Performance Optimization

Parallel Processing

Enable parallel processing for better performance:

ingest:
  parallel_processing: true
  max_workers: 8  # Adjust based on CPU cores

clean:
  parallel_processing: true
  batch_size: 100  # Process in batches

Memory Management

For large datasets, use streaming processing:

from qudata import QuDataPipeline

# Configure for large datasets
config.performance = {
    "streaming_mode": True,
    "batch_size": 50,
    "max_memory_usage": "8GB"
}

pipeline = QuDataPipeline(config)

# Process in streaming mode
for batch_result in pipeline.process_directory_streaming("/large/dataset"):
    print(f"Processed batch: {batch_result.processed_count} documents")
    # Process or save batch results immediately

Caching

Enable caching for repeated operations:

performance:
  caching:
    enabled: true
    cache_dir: "/tmp/qudata_cache"
    cache_size: "1GB"
    
  # Cache expensive operations
  cache_language_detection: true
  cache_ner_results: true
  cache_quality_scores: true

Troubleshooting

Common Issues

Low Quality Scores

# Investigate low quality scores
low_quality_docs = [doc for doc in result.documents if doc.quality_score < 0.5]

for doc in low_quality_docs[:5]:  # Check first 5
    print(f"File: {doc.source_path}")
    print(f"Quality: {doc.quality_score}")
    print(f"Length: {len(doc.content)} characters")
    print(f"Language: {doc.metadata.language}")
    print("---")

Processing Failures

# Check processing failures
failed_files = [error.file_path for error in result.errors]
print(f"Failed to process {len(failed_files)} files:")

# Group errors by type
from collections import Counter
error_types = Counter(error.error_type for error in result.errors)
for error_type, count in error_types.most_common():
    print(f"  {error_type}: {count} files")

Memory Issues

# Monitor memory usage
import psutil

def monitor_memory():
    process = psutil.Process()
    memory_mb = process.memory_info().rss / 1024 / 1024
    print(f"Memory usage: {memory_mb:.1f} MB")

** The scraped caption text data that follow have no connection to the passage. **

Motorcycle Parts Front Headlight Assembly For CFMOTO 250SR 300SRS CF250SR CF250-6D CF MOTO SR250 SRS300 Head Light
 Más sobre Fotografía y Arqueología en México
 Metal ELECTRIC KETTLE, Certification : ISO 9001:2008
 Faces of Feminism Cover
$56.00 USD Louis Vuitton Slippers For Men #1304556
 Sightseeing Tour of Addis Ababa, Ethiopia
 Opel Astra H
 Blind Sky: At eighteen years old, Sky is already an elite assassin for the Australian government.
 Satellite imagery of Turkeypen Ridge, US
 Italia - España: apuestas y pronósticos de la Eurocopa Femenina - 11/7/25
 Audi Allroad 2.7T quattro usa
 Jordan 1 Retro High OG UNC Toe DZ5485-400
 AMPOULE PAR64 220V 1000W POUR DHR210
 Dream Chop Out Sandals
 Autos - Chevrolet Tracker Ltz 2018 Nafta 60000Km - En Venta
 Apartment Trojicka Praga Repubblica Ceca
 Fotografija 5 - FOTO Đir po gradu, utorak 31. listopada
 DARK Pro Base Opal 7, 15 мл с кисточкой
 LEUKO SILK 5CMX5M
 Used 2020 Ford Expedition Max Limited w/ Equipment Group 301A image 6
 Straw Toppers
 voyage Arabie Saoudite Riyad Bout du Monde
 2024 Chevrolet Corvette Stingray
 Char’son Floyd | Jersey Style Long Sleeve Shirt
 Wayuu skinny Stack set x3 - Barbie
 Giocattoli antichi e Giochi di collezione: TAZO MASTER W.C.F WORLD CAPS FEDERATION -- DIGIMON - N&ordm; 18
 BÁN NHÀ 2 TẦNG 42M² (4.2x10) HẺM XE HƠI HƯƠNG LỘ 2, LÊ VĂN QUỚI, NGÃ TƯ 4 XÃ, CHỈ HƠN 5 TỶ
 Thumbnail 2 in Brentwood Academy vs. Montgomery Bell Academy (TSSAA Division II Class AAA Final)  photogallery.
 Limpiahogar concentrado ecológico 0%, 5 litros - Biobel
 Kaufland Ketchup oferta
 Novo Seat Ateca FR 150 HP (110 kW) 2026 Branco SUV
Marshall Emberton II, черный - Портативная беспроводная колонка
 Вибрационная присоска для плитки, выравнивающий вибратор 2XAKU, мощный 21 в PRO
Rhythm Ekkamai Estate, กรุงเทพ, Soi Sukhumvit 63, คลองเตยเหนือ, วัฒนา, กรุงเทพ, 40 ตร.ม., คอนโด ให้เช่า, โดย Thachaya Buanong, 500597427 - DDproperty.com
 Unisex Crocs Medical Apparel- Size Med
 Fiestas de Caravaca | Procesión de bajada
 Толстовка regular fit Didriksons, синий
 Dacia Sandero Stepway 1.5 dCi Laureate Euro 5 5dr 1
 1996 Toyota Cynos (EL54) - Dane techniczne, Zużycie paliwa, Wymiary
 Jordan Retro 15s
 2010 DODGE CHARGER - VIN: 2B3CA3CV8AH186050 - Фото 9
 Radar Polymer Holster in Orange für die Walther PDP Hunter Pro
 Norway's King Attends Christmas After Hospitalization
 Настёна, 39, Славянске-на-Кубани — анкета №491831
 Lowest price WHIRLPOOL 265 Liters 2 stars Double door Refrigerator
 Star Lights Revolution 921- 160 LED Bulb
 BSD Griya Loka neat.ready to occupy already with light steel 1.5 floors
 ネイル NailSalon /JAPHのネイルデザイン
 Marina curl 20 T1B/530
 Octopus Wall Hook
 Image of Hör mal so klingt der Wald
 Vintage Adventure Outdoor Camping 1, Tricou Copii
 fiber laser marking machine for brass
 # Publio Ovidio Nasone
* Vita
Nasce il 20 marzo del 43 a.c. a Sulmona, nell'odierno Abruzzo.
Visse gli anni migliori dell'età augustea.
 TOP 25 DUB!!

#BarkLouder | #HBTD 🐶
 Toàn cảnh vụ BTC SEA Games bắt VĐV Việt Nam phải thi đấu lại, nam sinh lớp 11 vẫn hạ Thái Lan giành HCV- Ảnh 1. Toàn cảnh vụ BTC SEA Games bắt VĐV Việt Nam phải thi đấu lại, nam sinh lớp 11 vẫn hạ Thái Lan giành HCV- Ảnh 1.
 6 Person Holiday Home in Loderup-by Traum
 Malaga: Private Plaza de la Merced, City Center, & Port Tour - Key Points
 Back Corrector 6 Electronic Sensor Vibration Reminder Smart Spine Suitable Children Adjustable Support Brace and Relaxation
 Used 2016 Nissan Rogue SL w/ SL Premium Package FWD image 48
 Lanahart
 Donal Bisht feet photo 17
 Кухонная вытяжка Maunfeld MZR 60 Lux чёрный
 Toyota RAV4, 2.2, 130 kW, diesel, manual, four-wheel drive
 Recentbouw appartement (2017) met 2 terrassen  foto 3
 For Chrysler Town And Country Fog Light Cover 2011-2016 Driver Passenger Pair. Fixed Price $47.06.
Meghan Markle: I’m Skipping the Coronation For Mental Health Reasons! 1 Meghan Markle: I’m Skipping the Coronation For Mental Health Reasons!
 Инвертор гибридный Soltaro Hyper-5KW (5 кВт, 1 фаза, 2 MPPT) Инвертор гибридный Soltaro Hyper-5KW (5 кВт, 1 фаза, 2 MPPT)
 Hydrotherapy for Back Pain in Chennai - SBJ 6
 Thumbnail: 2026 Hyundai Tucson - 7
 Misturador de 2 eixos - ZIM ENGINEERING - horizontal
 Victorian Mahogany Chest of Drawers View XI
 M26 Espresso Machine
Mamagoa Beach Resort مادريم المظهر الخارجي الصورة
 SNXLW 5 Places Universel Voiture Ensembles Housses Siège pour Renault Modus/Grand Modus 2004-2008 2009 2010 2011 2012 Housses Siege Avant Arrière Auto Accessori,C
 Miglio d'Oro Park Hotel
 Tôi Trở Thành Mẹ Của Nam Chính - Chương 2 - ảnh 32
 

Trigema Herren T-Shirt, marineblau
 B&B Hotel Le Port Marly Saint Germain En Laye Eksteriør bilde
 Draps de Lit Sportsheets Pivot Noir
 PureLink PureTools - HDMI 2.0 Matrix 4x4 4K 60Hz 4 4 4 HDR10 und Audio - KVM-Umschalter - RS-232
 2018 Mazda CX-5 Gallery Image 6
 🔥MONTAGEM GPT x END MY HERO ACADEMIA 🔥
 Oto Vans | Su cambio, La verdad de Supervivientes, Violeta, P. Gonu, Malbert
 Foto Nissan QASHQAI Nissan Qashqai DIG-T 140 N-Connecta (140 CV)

# Check memory before and after processing
monitor_memory()
result = pipeline.process_directory("/data")
monitor_memory()

Best Practices

1. Configuration Management

  • Use version control for configuration files
  • Test configurations with small datasets first
  • Document configuration changes and their impact

2. Quality Control

  • Set appropriate quality thresholds for your use case
  • Regularly review low-quality documents
  • Monitor quality trends over time

3. Performance

  • Start with small batches to tune performance
  • Monitor resource usage during processing
  • Use parallel processing for CPU-intensive tasks

4. Data Management

  • Organize input data in logical directory structures
  • Keep raw and processed data separate
  • Implement backup strategies for important datasets

5. Monitoring

  • Log processing statistics and errors
  • Set up alerts for quality degradation
  • Regular quality audits of processed datasets

This guide provides a comprehensive overview of using the QuData pipeline. For specific use cases or advanced configurations, refer to the API documentation and configuration examples.